- Task details -
Each line from the one with "The Kaira Cropped" through the last line below must be written out exactly. Do not copy pictures.

(Records supplied Opens)

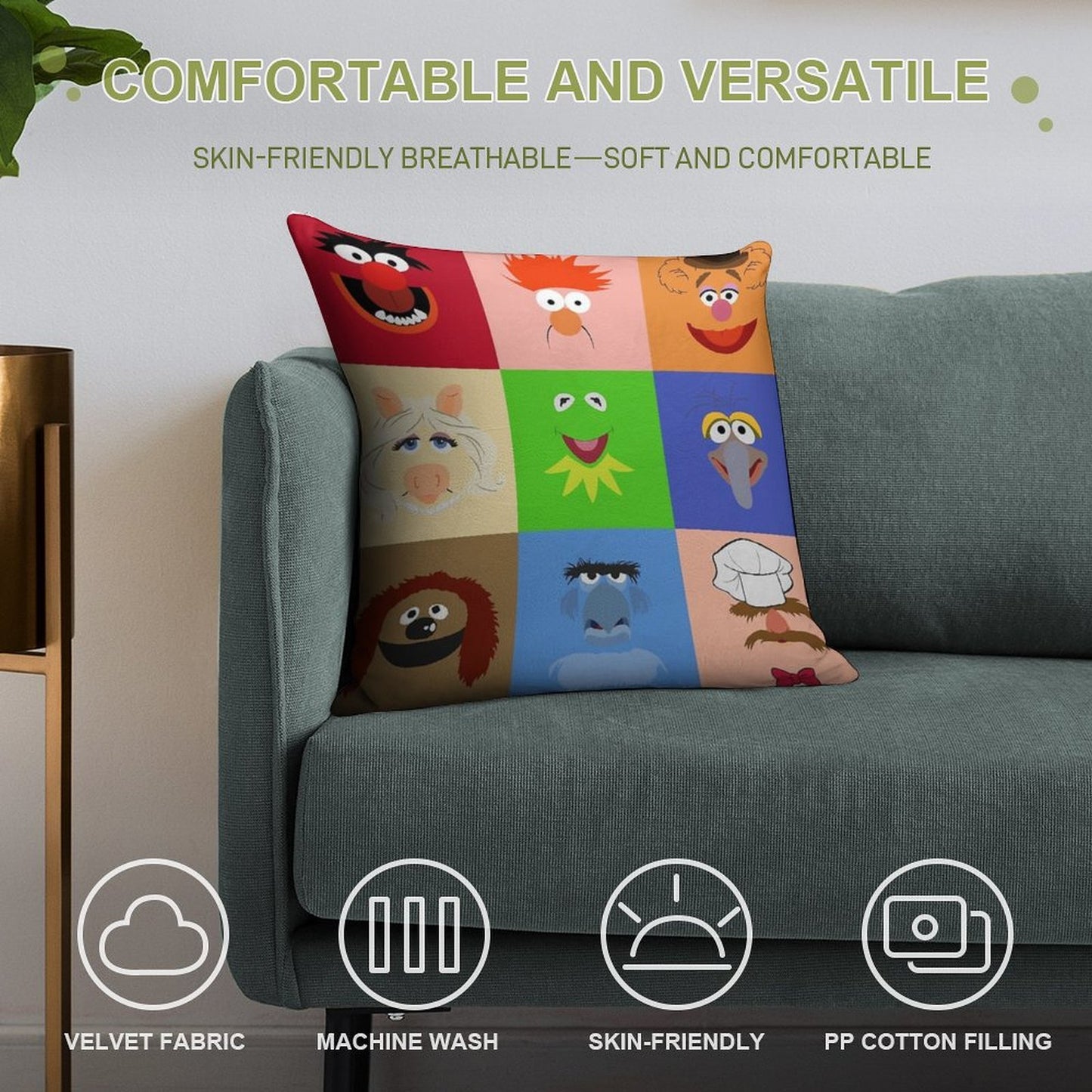 Muppets Soft Fade-Resistant Throw Pillow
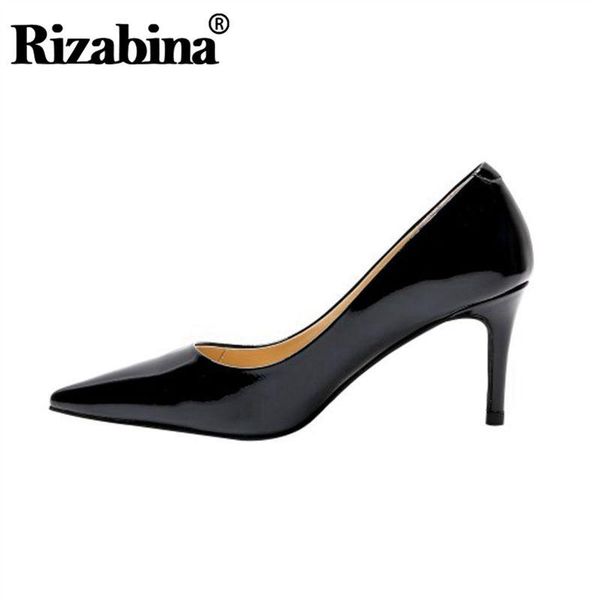 dress shoes rizabina women pumps fashion shallow mouth pointed toe genuine leather solid color footwear size 34-40, Black
dress shoes rizabina women pumps fashion shallow mouth pointed toe genuine leather solid color footwear size 34-40, Black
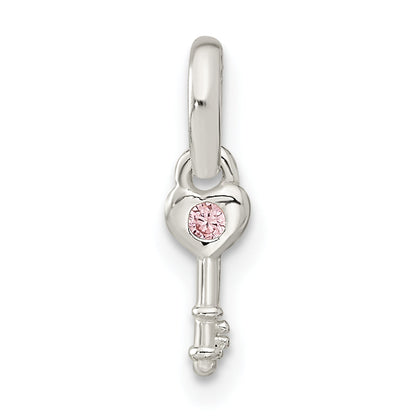 Sterling Silver Pink Cz Key Kid'S Pendant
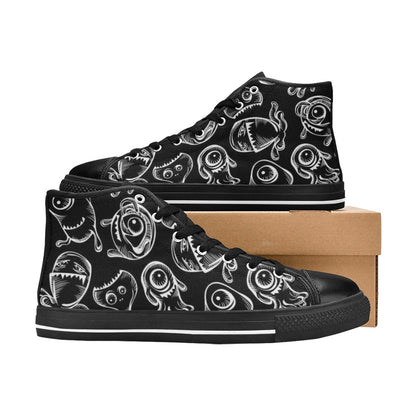 Monsters In Black And White - Women's High Top Canvas Shoes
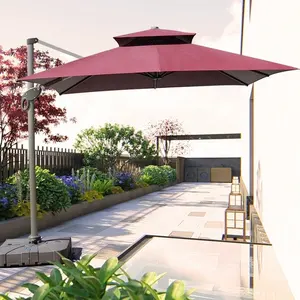 Parasol étanche en porte-à-faux suspendu avec manivelle parapluie balcon piscine café extérieur jardin banane parapluie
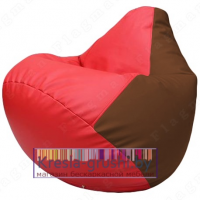 Бескаркасное кресло мешок Груша Г2.3-0907 (красный, коричневый)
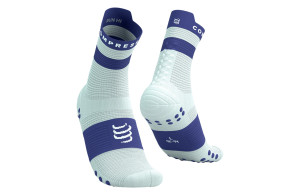 Skarpety Compressport Pro Racing Socks V4.0 Run High (Star White / Orient Blue) biało-niebieskie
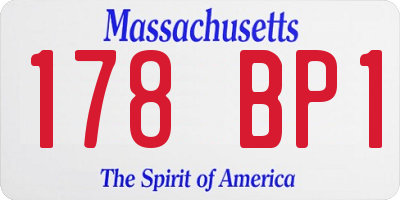 MA license plate 178BP1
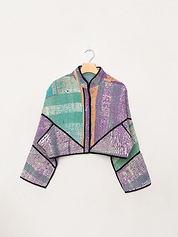 The Kaira Cropped Quilted Patchwork Kantha Jacket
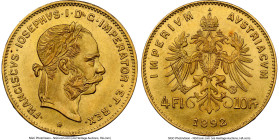 Franz Joseph I gold Restrike 4 Florin (10 Francs) 1892 MS68 NGC, Vienna mint, KM2260, Fr-503R. Last year of type. HID09801242017 © 2024 Heritage Aucti...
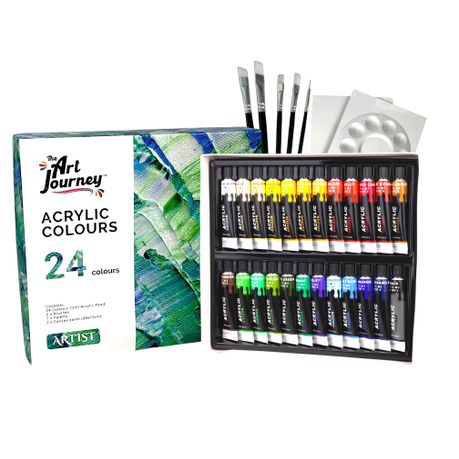 The Art Journey 24-Color Acrylic Paint -5 Brushes, 2 Canvas ,1 Palette Set Image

(Records supplied Closes)

- Written reply -
 The Kaira Cropped Quilted Patchwork Kantha Jacket
 Franz Joseph I gold Restrike 4 Florin (10 Francs) 1892 MS68 NGC, Vienna mint, KM2260, Fr-503R. Last year of type. HID09801242017 © 2024 Heritage Aucti...
 The Art Journey 24-Color Acrylic Paint -5 Brushes, 2 Canvas ,1 Palette Set Image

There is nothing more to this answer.